Older wounds can be seen along the road; injuries from the past scar the landscape with regiments of whitened ghosts, completed by midnight witches’ caps like asparagus tips - all that is left of once shady branches.

In Africa, such burns are usually deliberate, and clear the mealie or sugar fields of unwelcome guests before harvest.  The move always does someone good.  The snakes and smaller creatures that run before the blaze are spotted from above by the yellow-tailed kites who will soon have an abundance of food.  The bush pigs will have found safer pastures already.

Following the passage of the fire, the zebra and wilderbeest will return first to feast on the minerals left in the ashes.

But this is not Africa, and the uncontrolled fires in British Columbia leave charred crucibles of communities seeking refuge.  

Why do we pay this annual fee to nature, when with thought and intelligence much of it might be avoided?  It seems that it was not so in the thousands of years before the settlers arrived - with their carelessness, opinions, and ‘better’ ways of opening up a country that was doing just fine before they came.  But that is the colonial European - he knows better; no - he knows all!

Absurdly, the knowledge of fire-fighting is also one of those skills that has not advanced much since the frantic chain of water-buckets from the lake.  A retired (and skilled) fire expert I know has written papers on the application of Poiseille’s Law to the problem.  An increase of the radius of the fire hose by 50% will increase the flow in the pipe by over 5 times.  If you double the radius, you increase the flow by 16 times - assuming the pressure stays the same.

Imagine what a difference that would make on stopping the spread of fires!
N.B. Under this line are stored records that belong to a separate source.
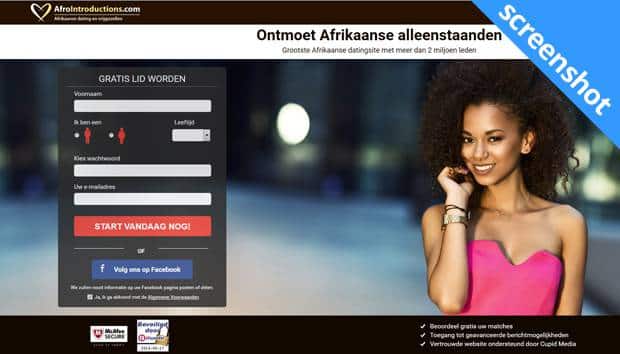AfroIntroductions.com screenshot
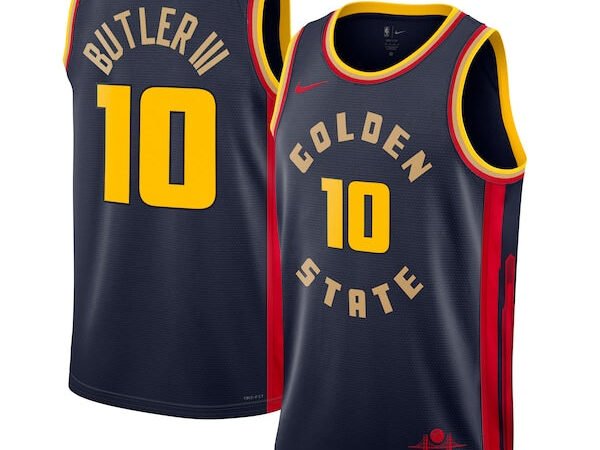 Jimmy Butler Golden State Warriors Nike Unisex Swingman Jersey - City Edition - Navy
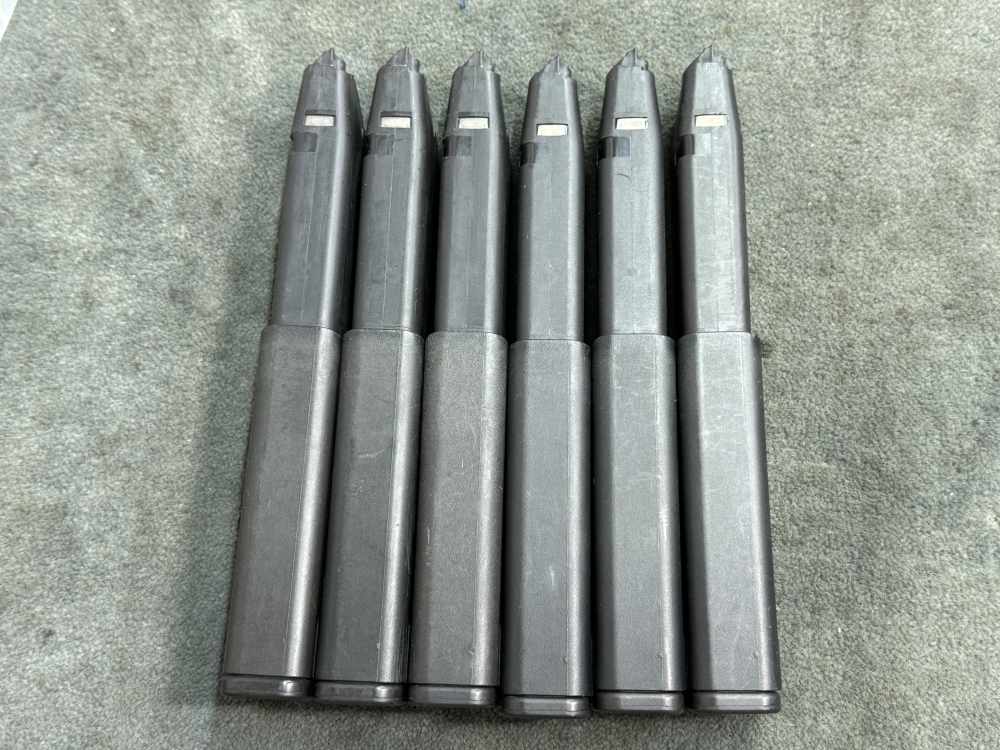 2 Kriss Glock 21 41 SF 30rd Magazines 13rd w/ 17rd Extension 45 ACP Black-img-3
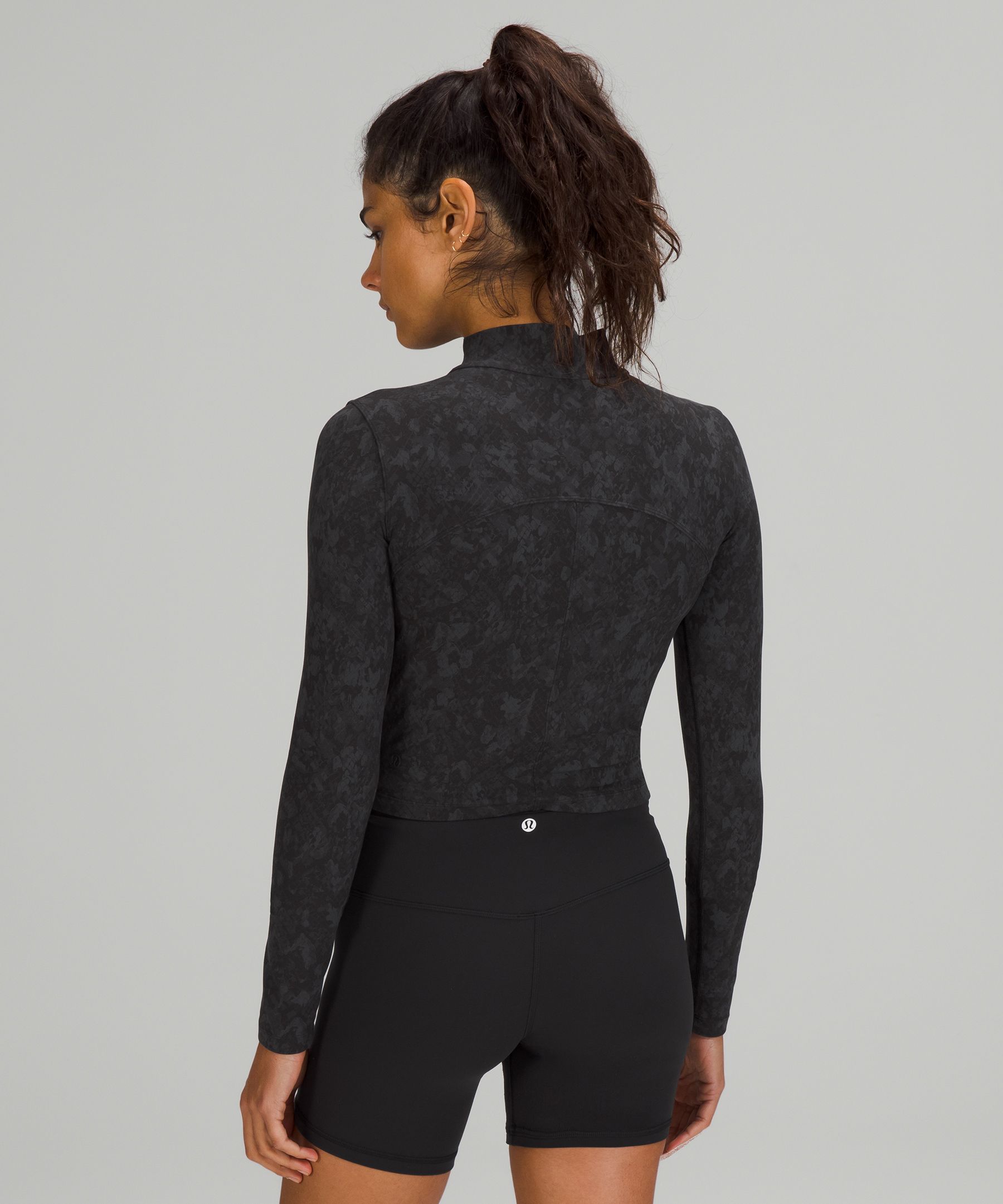 Lululemon All Aligned Mock Neck Long Sleeve - Black - lulu fanatics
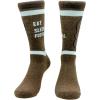 Crazy Dog T-Shirts Mens Funny Football Socks With Awesome Graphics For Men(Eat Sleep Football)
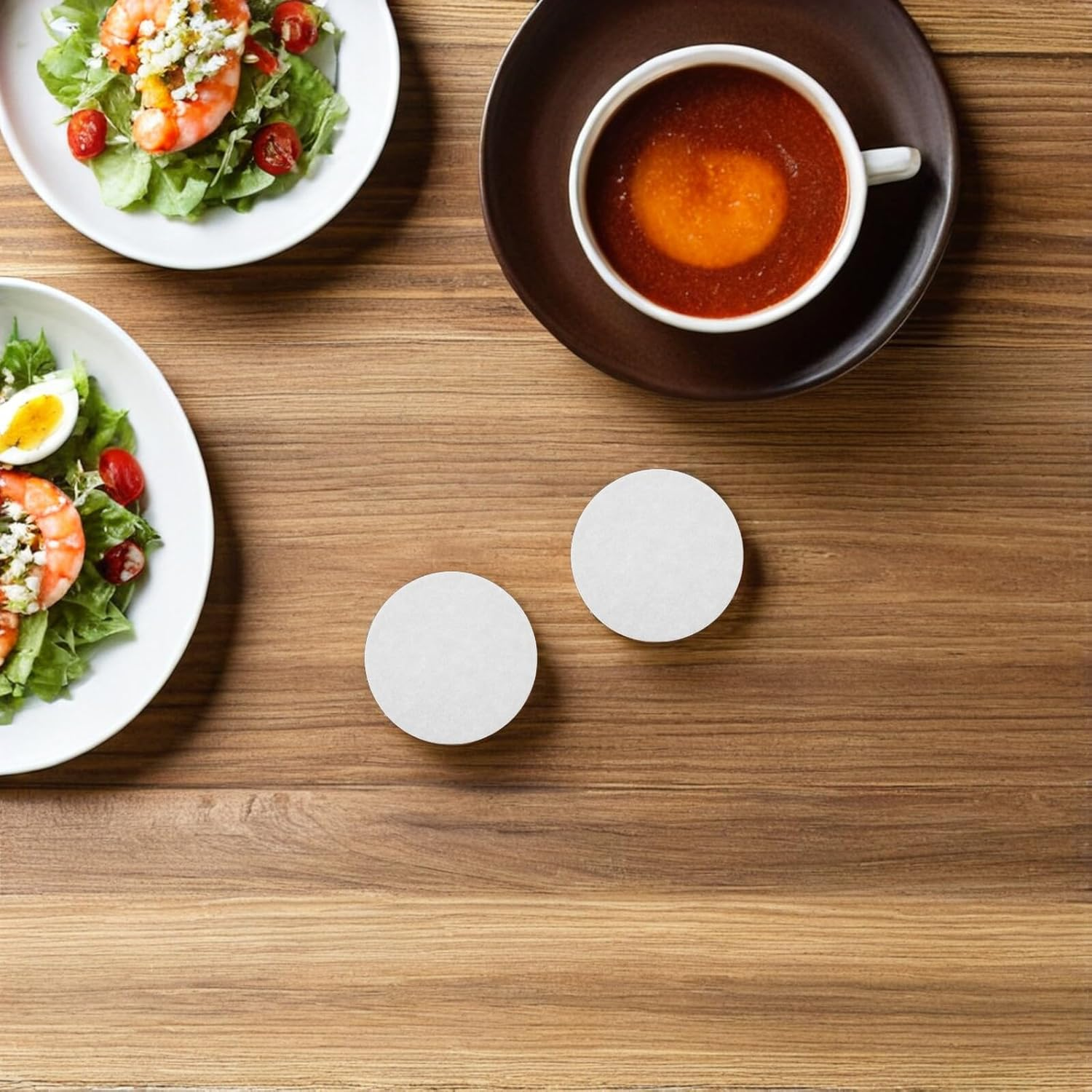 HOODANCOS 600Pcs Coffee Filter Papers round Disposable Filters for Espresso and Drip Coffee Makers Fit Quick Cleanup Brewing Accessory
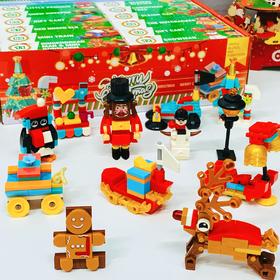 Merry Christmas12合1圣诞积木套盒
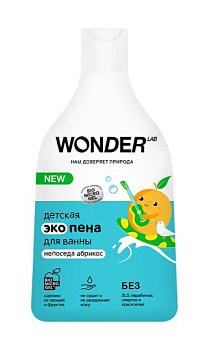 Wonder Lab экопена для ванны детская Непоседа абрикос 0,54л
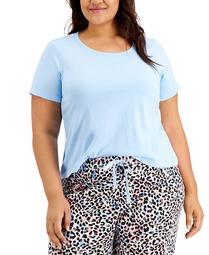 Plus Size Ribbed-Knit Sleep T-Shirt, Created for Macy's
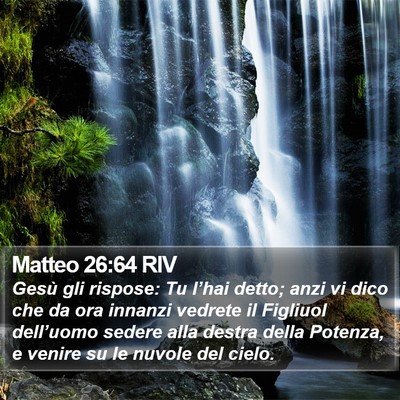 Matteo 26:64 RIV Bible Verse Image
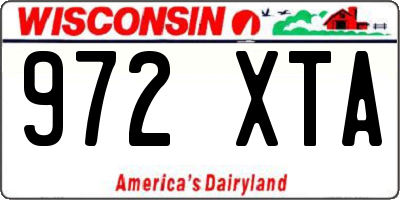 WI license plate 972XTA
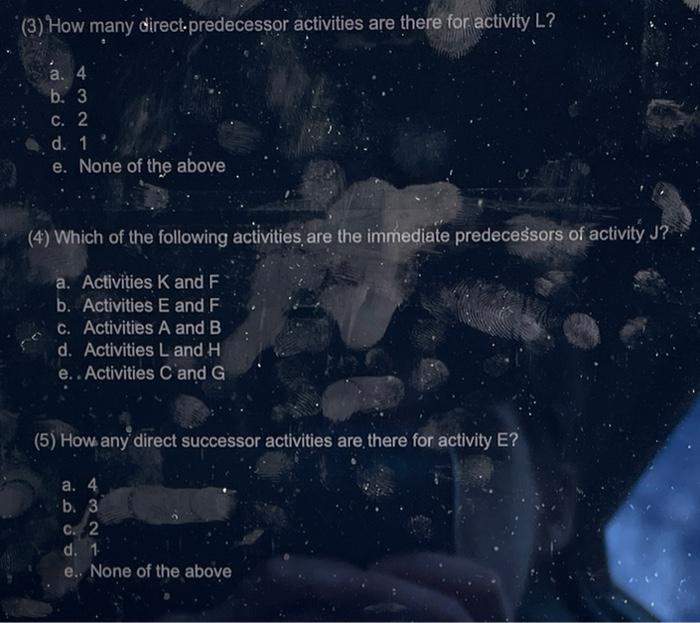 6 1 G, 22 L, 16 START END FINISH (3) How many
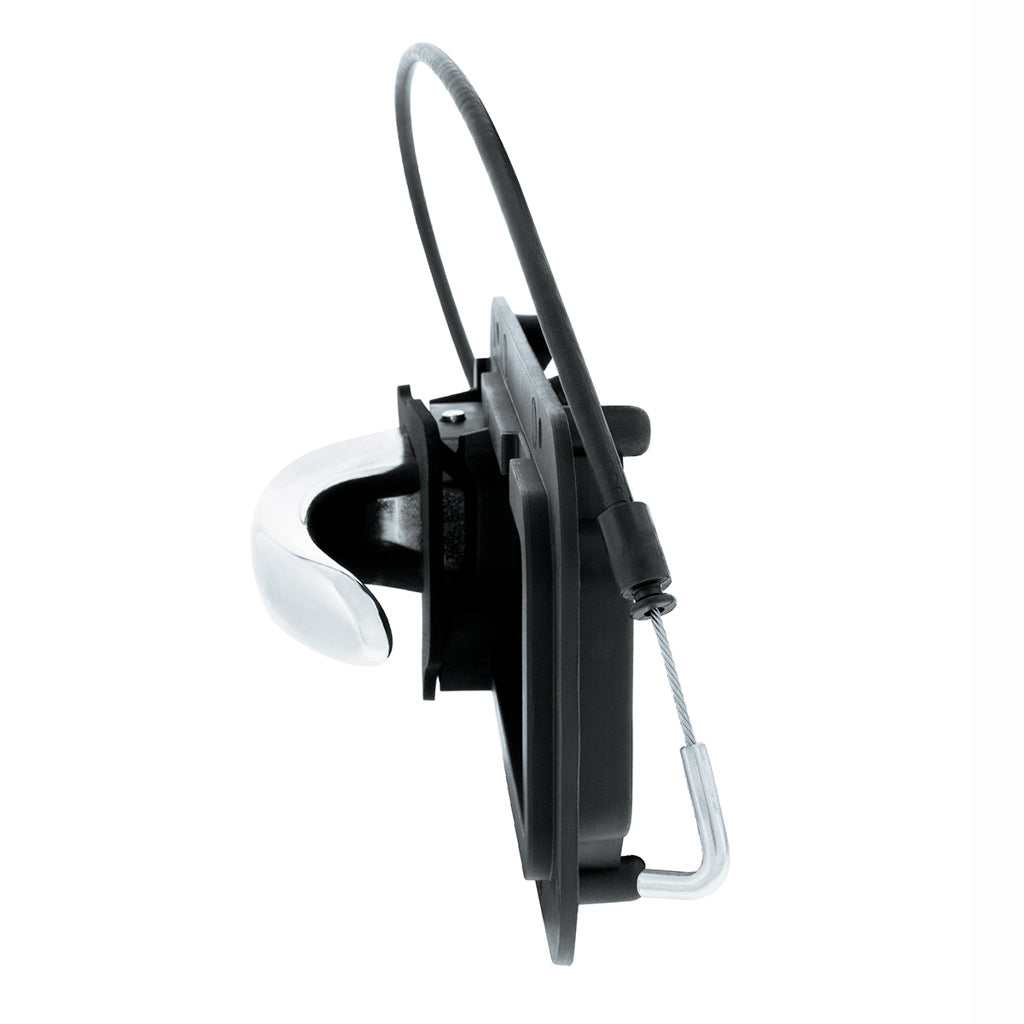 Chrome Interior Door Handle W/Cable Peterbilt 389 08-23, 386 06-16 Passenger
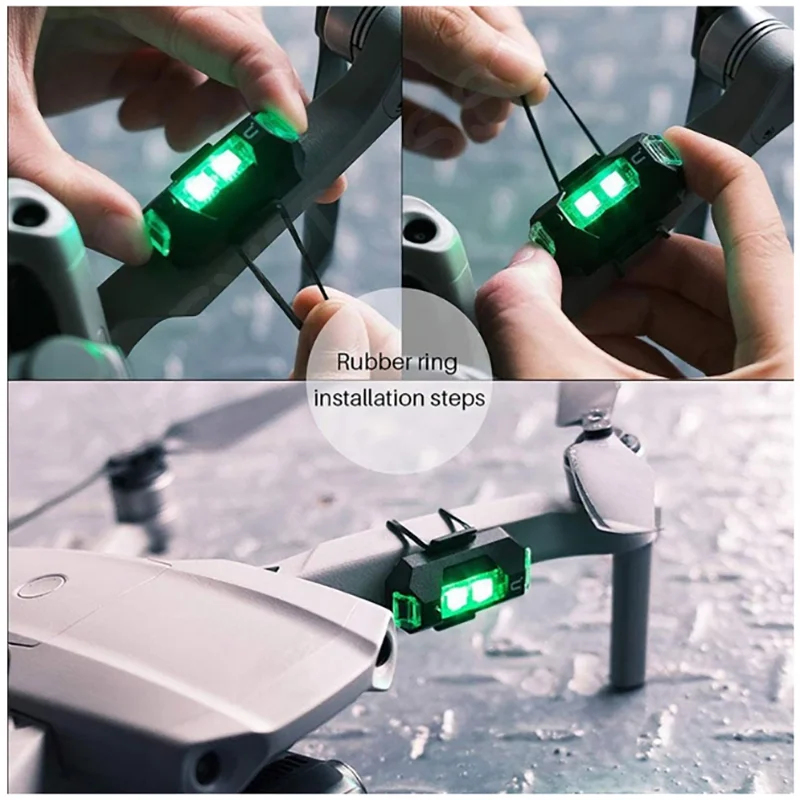 New Seven-Color Aircraft Lights Blinking Lights Rechargeable Pilot Light Drone Magnetic Suction Modification Universa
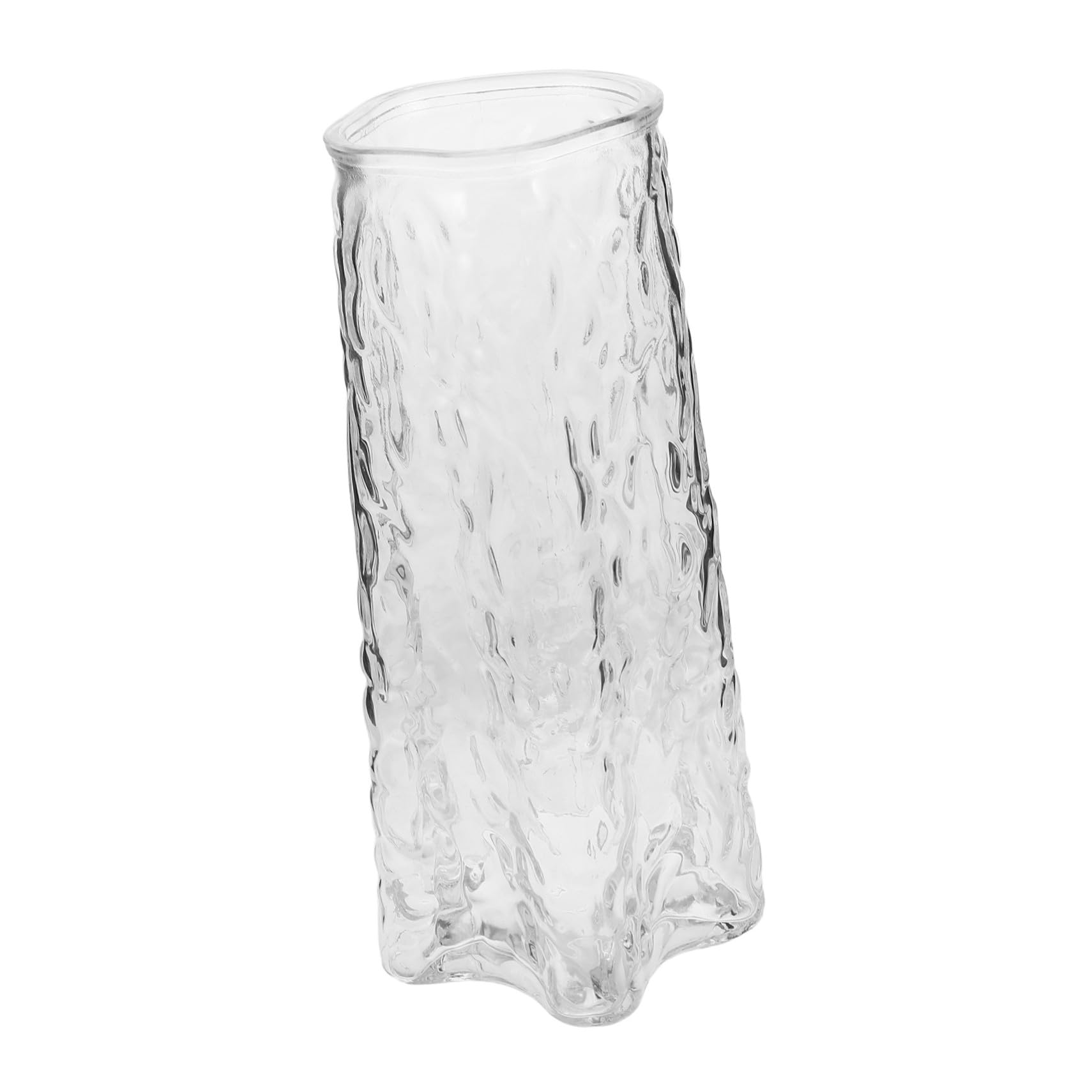VALICLUD Vase Hydroponique Verre Transparent Moyen pour Fleurs Séchées et Propagation Décoration Moderne pour Maison Bureau Salon et Table à Manger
But my friend is not listened to; I have sent his paper to the MLA, and asked our Bishop (now Archbishop) to raise it in the Assembly…nothing happens…so we continue to watch our province burn year by year, at immense cost in emotional suffering, physical suffering - and financial suffering to all.  Is it so difficult to make the hoses wider?

So for now, the tourists who come to visit our province will continue to see thousands of kilometres of ghost-like forest, charred and stinking, often because of stupidity, and neglect of common sense.  And our fire-fighters will have to continue to risk their lives using out-dated and inadequate equipment for the sake of a minor modification.  Is this something else we are expected to now regard as ‘normal’ - like global warming?

I imagine Jesus pulling at his hair, and saying to his disciples, “Why are you still so slow to understand?”